[Data entries]
------------------------------------

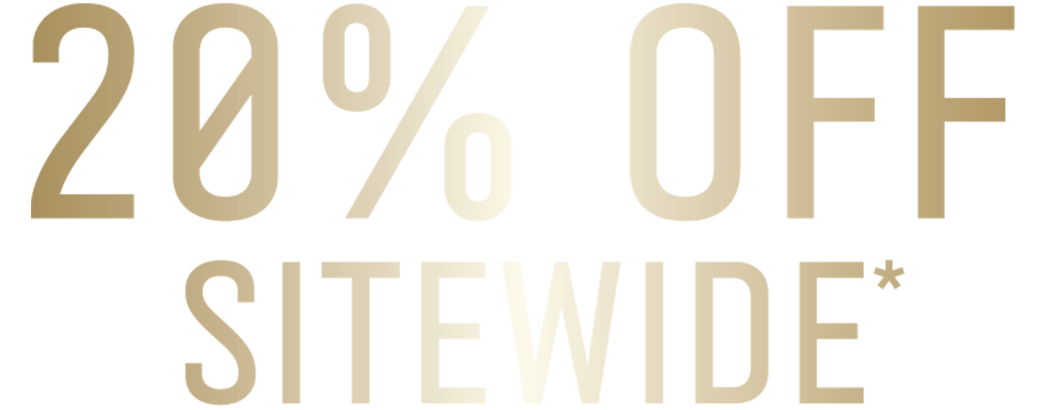 20% OFF SITEWIDE*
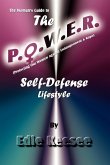 The Woman's Guide to The P.O.W.E.R. Self-Defense Lifestyle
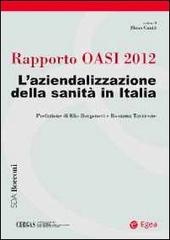Rapporto oasi 2012. L'aziendalizzazione della sanità in Italia edito da EGEA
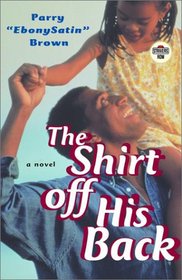 The Shirt off His Back: A Novel (Strivers Row)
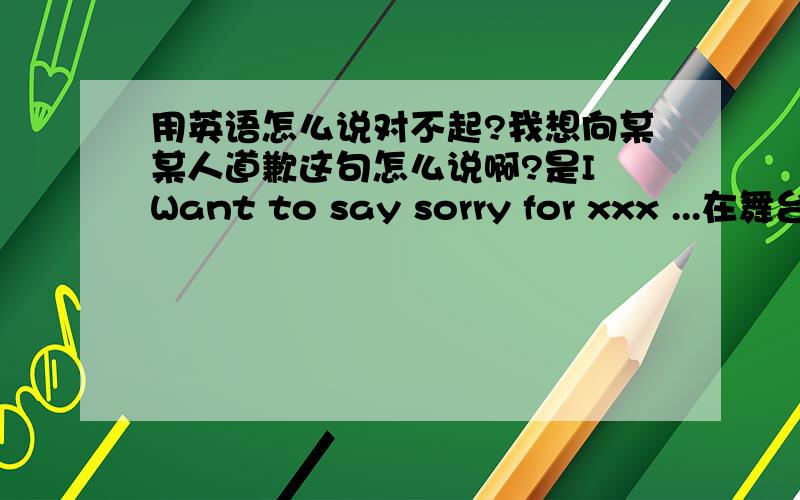 用英语怎么说对不起?我想向某某人道歉这句怎么说啊?是I Want to say sorry for xxx ...在舞台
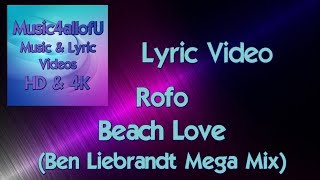 Rofo - Beach Love (Ben Liebrandt Mega Mix) HD Lyric Video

------------------------------------

**DIRECTIONS**
Return every line above verbatim, pictures excluded.

**RESPONSE**
 20% OFF SITEWIDE*
 The Woman's Guide to The P.O.W.E.R. Self-Defense Lifestyle
Rapporto oasi 2012. L'aziendalizzazione della sanità in Italia edito da EGEA
 The Shirt off His Back: A Novel (Strivers Row)
 用英语怎么说对不起?我想向某某人道歉这句怎么说啊?是I Want to say sorry for xxx ...在舞台
 Rofo - Beach Love (Ben Liebrandt Mega Mix) HD Lyric Video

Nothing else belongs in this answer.